#### Assignment
In the records below, the lines between the one holding "brotect Pellicola Protettiva" and the one holding "LED Vert, CMS, 3030 (1212), 2,5 V", inclusive, are to be transcribed exactly; no pictures are to be included.

#### Exercise data
───

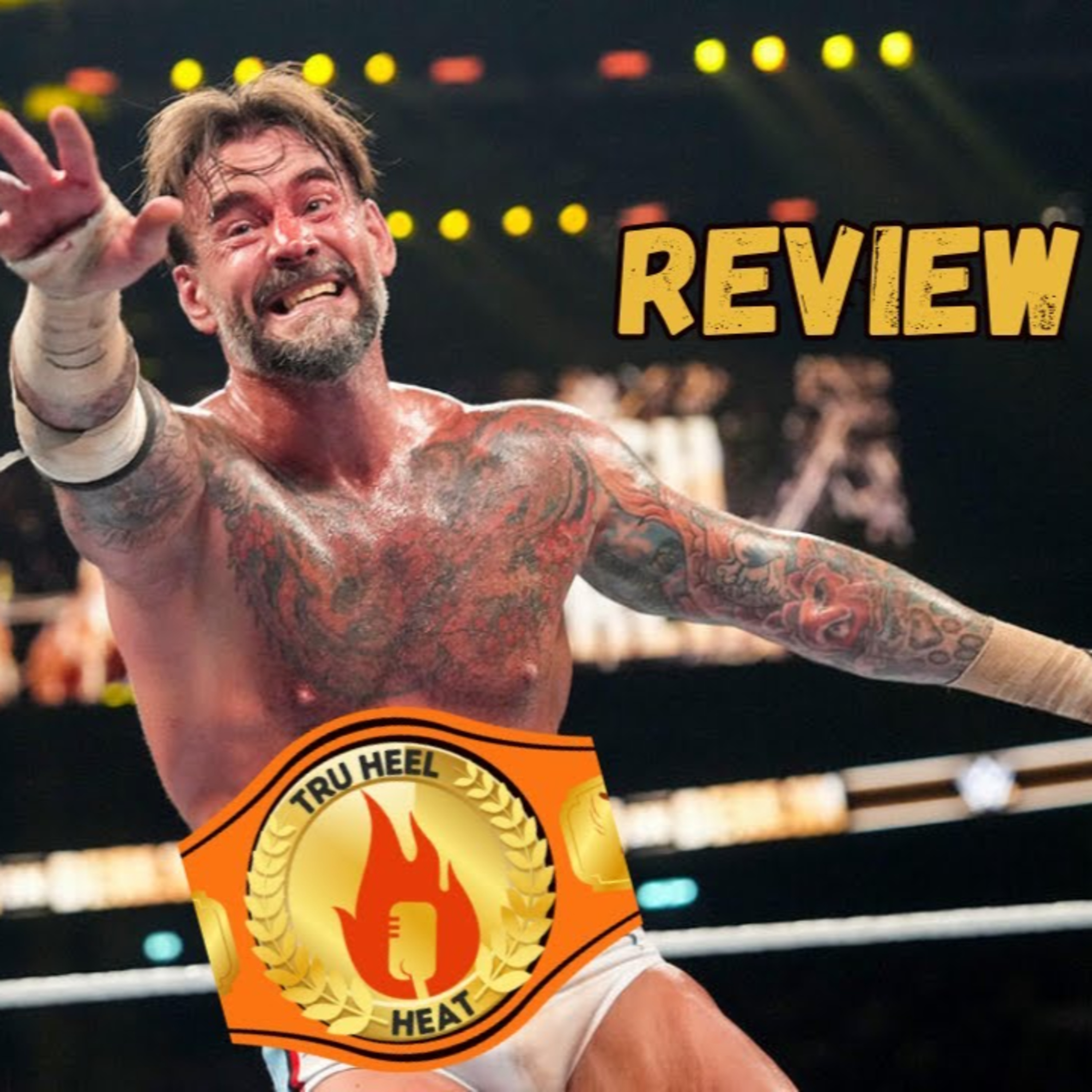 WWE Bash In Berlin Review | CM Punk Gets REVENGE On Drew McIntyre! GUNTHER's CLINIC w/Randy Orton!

───

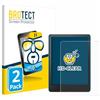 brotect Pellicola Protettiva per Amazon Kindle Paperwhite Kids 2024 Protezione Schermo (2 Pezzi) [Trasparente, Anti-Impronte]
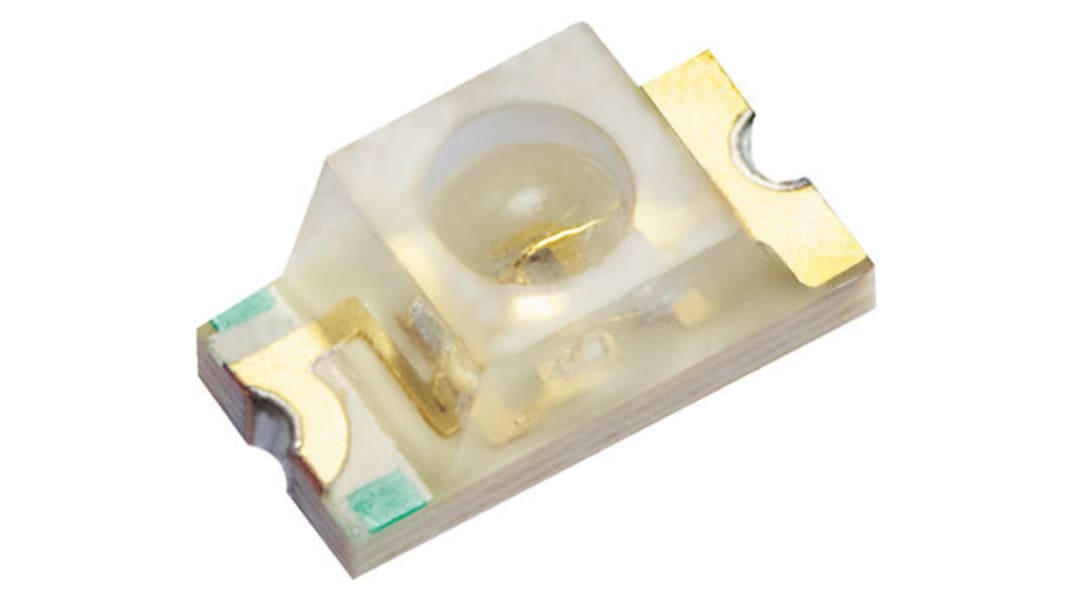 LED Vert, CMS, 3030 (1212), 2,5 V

───

#### Your solution
 brotect Pellicola Protettiva per Amazon Kindle Paperwhite Kids 2024 Protezione Schermo (2 Pezzi) [Trasparente, Anti-Impronte]
 LED Vert, CMS, 3030 (1212), 2,5 V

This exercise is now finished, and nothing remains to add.